Enter Elliot Rodger. A 22 year-old spoiled brat, spawn of a movie producer. Twenty-two and driving a BMW he didn’t pay for. Fueled by gasoline he bought with money he didn’t earn on a credit card he didn’t pay.
He kills a lot of people, the total probably is not yet known. He targeted pretty college girls. Why? He felt rejected by them. None of them would pop his cherry, it seems. He tried to befriend them only to be rejected and watch them gravitate to ogres and pigs. While he, the self-proclaimed “supreme gentleman” spent his life lonely, rejected, a life of unfulfilled desires.
He felt rejected. He felt that he should have a girlfriend because he dressed nice, wore $300 glasses, had a nice car. “… that’s just such an injustice because I am so magnificent. I deserve girls much more than all those slobs I see at my college.” An injustice. It seems reality set in and he discovered that life really is not fair. And he was woefully unprepared to handle it.
The problem couldn’t possibly be that despite your obvious gifted wealth, you were simple a shallow, craven idiot devoid of personally redeeming qualities.
This is what a bloated and misplaced sense of self entitlement brings. This is the fruit of telling your kid all his life that he is special and better than others–a winner at everything. And we have generations of them all coming of hormonal age.

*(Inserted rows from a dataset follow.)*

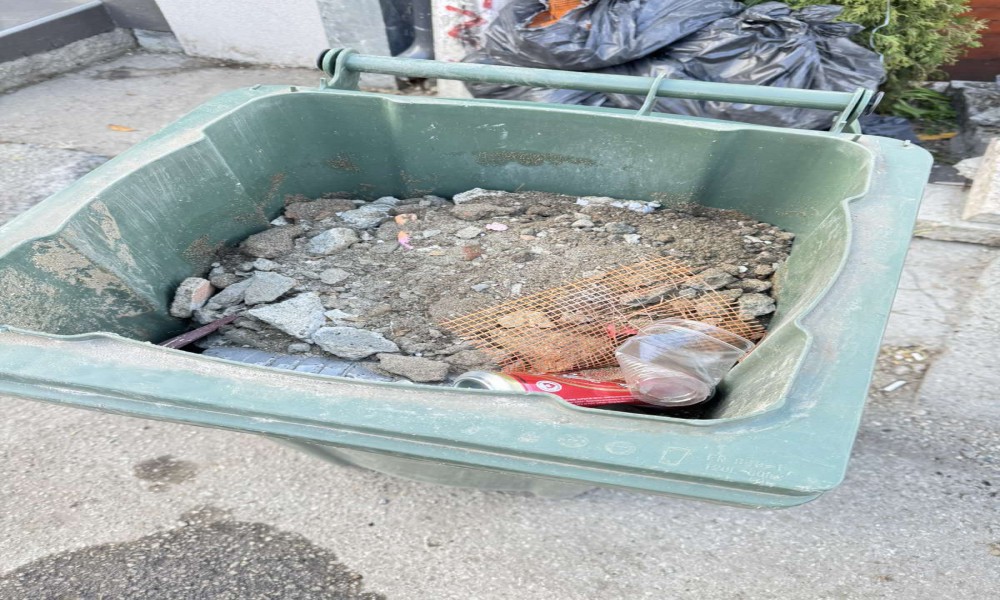 Nepropisno odlaganje šuta ponovo na ulicama Požarevca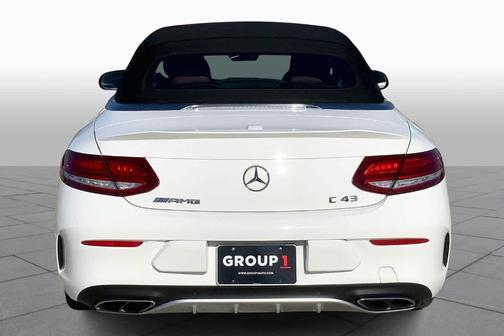 2018 Mercedes-Benz AMG C 43 Base 4MATIC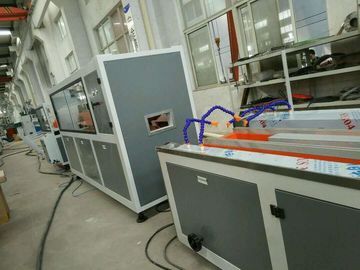 Twin Screw Pvc Profile เครื่องรีดโปรไฟล์เดินสายไฟฟ้าทำสายเคเบิล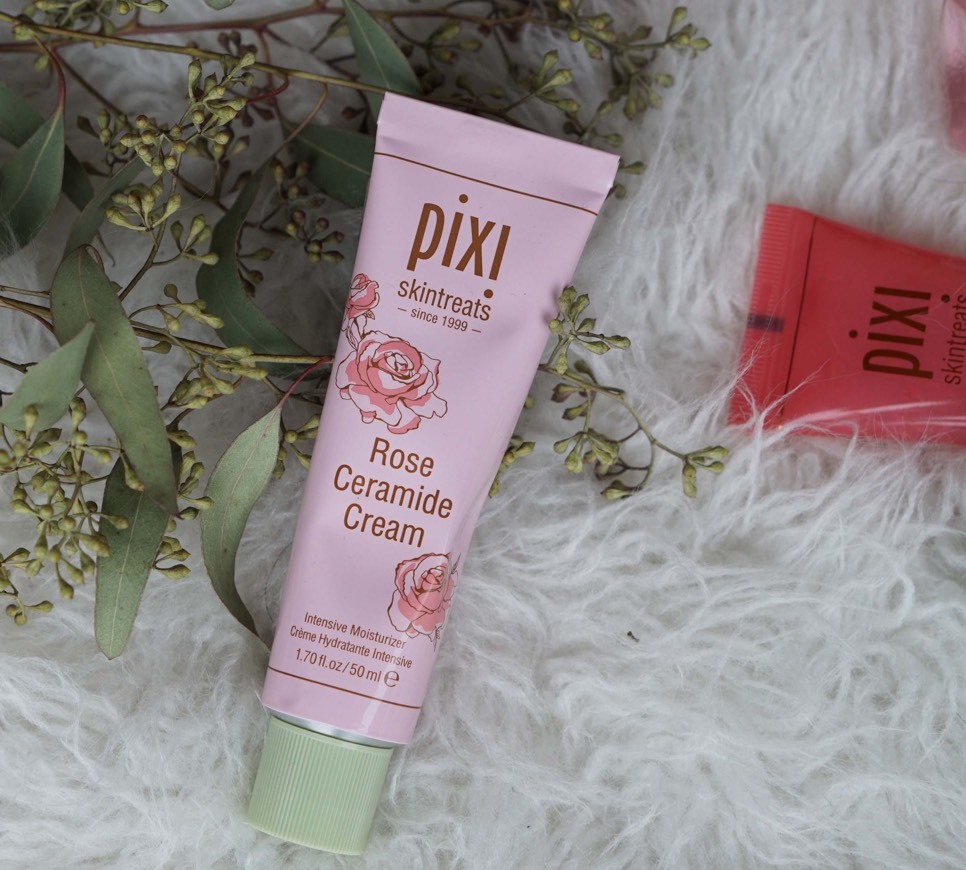 Social Pixi Rose Ceramide Cream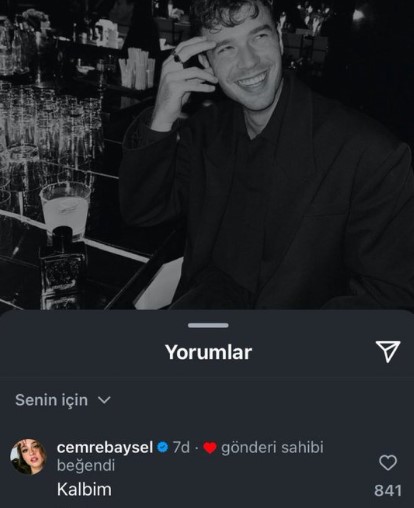 Cemre Baysel Aytaç Şaşmaz Ayrılığı Son Buldu: Cemre Baysel Aşkına Böyle Seslendi! 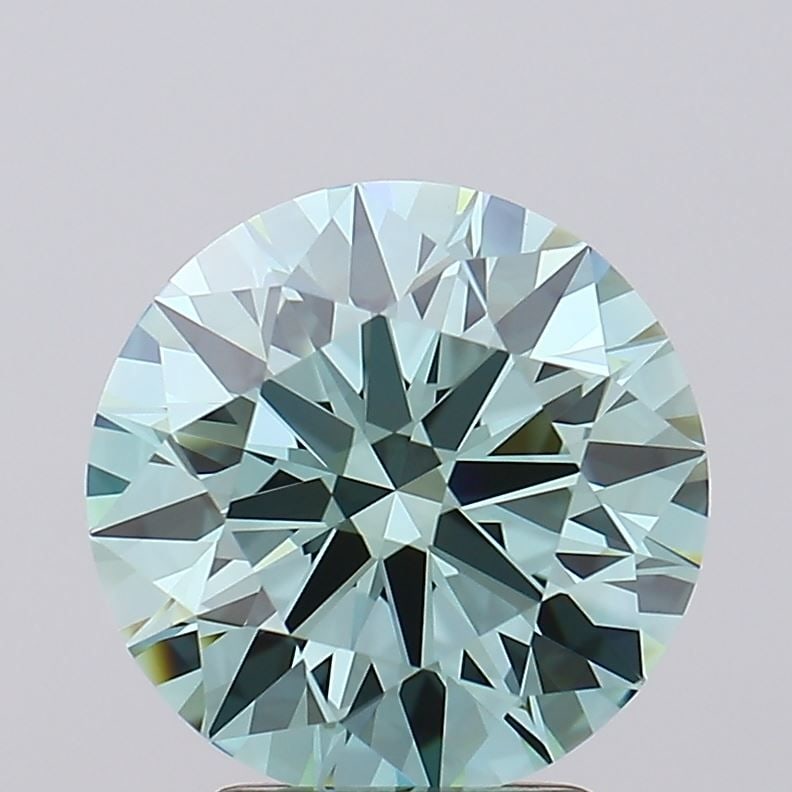 IGI Round 2.91ct Fancy Vivid Green VVS1 - Ideal Loose Lab Diamond: IGI Round 2.91ct Fancy Vivid Green VVS1 - Ideal Loose Lab Diamond Item Specifics: Source: This Is A Real Diamond Grown In A Lab Not Mined. Carat: 2.91 Cut: ID Color: Fancy Vivid Green Clarity: VVS1 Po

**UPDATE** The monster’s father blames who? Politicians and, of course, the National Rifle Association. What, George Bush had nothing to do with it? So, just proven is that the problem was not just with the kid. The parents also are to blame since they failed to raise him properly. You can’t coddle and provide for everything. The kid has to learn responsibility and experience failure. Spanking works on kids. Grounding and privilege denial works on teens. Anything else, and you can expect violence when they experience rejection. But you go on–blame the inanimate gun. Asshole.
** UPDATE 2** So now it is revelaed that the monster had been in therapy since the age of 8, and “virtually everyday of high school”. In light of this, it cannot have been a surprise to the divorced parents who hide behind the excuse of “we thought he was in good hands”. Yes, that’s right. Medicate and put him on a couch. That absolves you completely. I mean, he’s a director. In Hollywood. He doesn’t have time to deal with a kid on a short fuse.